The paradox of social media, and so much of our technology, is that it keeps us locked in an eternal present, while at the same time creating an eternal archive that never fades away. The result isn’t just higher levels of anxiety, depression and loneliness, it also makes it harder for us to grow and evolve — which is, after all, our essential purpose at the heart of every spiritual and philosophical tradition. Evolution did not stop when we evolved from the apes. There is an instinct embedded in us, our fourth instinct, beyond the more recognized instincts of survival, sex and power, that drives us to evolve and to grow through our mistakes, through pain, and through self-discovery.
But we’ve reached a dangerous moment in our culture where we assume a frozen ideal, a state of arrested development, from which no growth or improvement are assumed possible. Because growth cannot happen without the necessary ingredients of redemption, forgiveness and self-forgiveness. If we’re not allowed to learn from our mistakes, atone for them, become better people, then we can grow neither individually nor collectively. After all, the great documents we live by assume a progression — whether it’s the never-ending journey toward “a more perfect union” or Martin Luther King’s “arc of the moral universe” bending toward justice — and even our Constitution had amendments.
But true change at the systemic level has to be accompanied by change at the personal level. As Aleksandr Solzhenitsyn put it, “the line separating good and evil passes not through states, nor between classes, nor between political parties either — but right through every human heart.” Dr. King knew that, which is why he had made it clear that to change society, “you’ve got to change the heart.”

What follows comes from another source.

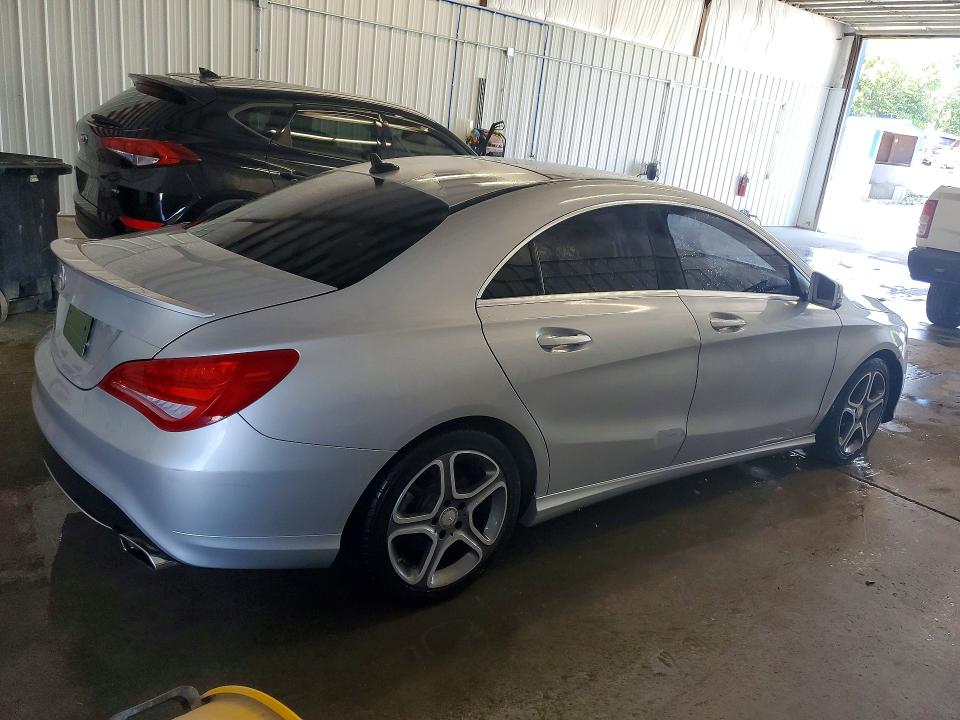 2014 Mercedes-benz Cla-klasse VIN WDDSJ4EB4EN070446 COPART salvage auction — SIDE, MI - CERTIFICATE OF TITLE, sold $3,350 on 2026-08-06 (photo 3)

The word “redemption” comes from the Latin redemptionem — one of its meanings is releasing. Redemption allows us to thrive by being released from our worst moments. And that’s exactly what our modern technology and our current culture make it increasingly difficult to do. By keeping our worst moments in the foreground forever, by keeping all wounds fresh and preventing them from healing over, we’re never able to be released from them, to evolve and make ourselves and our world better. In business, we extol the growth mindset, but a world without redemption enshrines its opposite: the much-despised fixed mindset.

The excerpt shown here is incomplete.